Author: Silvia Violet
Publishing Date: April 25, 2017
Genre: Contemporary, MM Romance
Length: 62,000 words
Rating: 2.5 Stars Rounded Up
Marc longs for a grand romance, but he doubts he’ll ever be that lucky. Then he meets Darius, an arrogant tailor who pushes all his buttons. When Darius offers him a job, Marc hesitates—he needs a direction for the future, not another man who doesn’t believe in relationships.
Darius lives by a few unbreakable rules: never sleep with employees, fashion should be simple, and romance is for fools. Marc, with his shimmery-sweaters collection, makes him want to break every single one.
They quickly give in to desire, but Darius wants to protect himself and Marc refuses to repeat past mistakes. It’s only when they let go of assumptions, that love has a chance to take hold.
Well-Tailored is a companion novel to the Thorne and Dash series.

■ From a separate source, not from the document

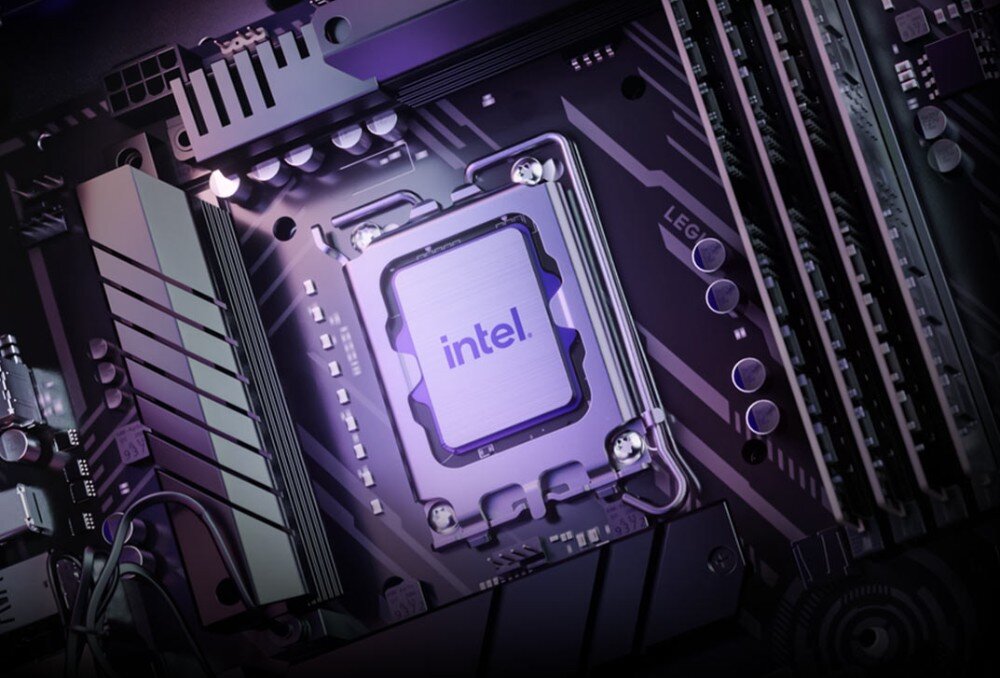 Komputer LENOVO Legion T5 26IRX9 Zbliżenie na płytę główną z zamontowanym procesorem firmy Intel. Procesor znajduje się w centralnym miejscu, otoczony elementami elektronicznymi płyty głównej, procesor, rdzenie, taktowanie, pamięć podręczna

It can be read as a standalone.
♦ Personal Thought ♦
Well-Tailored is a very graphic and steamy tale with foul-mouthed character in and out of the bedroom. It’s insta-lust turned to fondness then developed into love, told alternately from both POVs that gave voice how their feeling developed.
I’m quite fond of Marc and Darius and their battle of wits personally and professionally; that I could stand their too-many-on-page sex scenes. I loved story with strong characters who could rise from the bottom and overcome their difficulties and changed for the better. This is what I saw on both characters. Although I wish their not-so-happy background being explored more than shown here, to give more oomph to both men current state. There’s so much potential for deeper story there that unfortunately just being glossed-over.
And another thing: I get that while this is a standalone, Well-Tailored is a spin-off from “Thorne and Dash” series; and the MCs were good friends with Thorne and Riley from said series. Therefore the repeated appearance of those two were to be expected as this book went concurrently with events on the series. That said, I did feel Riley/Thorne overshadowed the story a bit with their own drama. With that feeling, leaving the reader hanging on how this couple fix things when there’s a misunderstanding – no need for details, only as an aside – put a whole in the overall story.
So no, I wouldn’t recommend readers to read this as standalone – it needed to be read AFTER one completed the whole “Thorne and Dash” series, or – at least – simultaneously.
Advanced copy is kindly provided by the author/publisher in exchange for an honest review.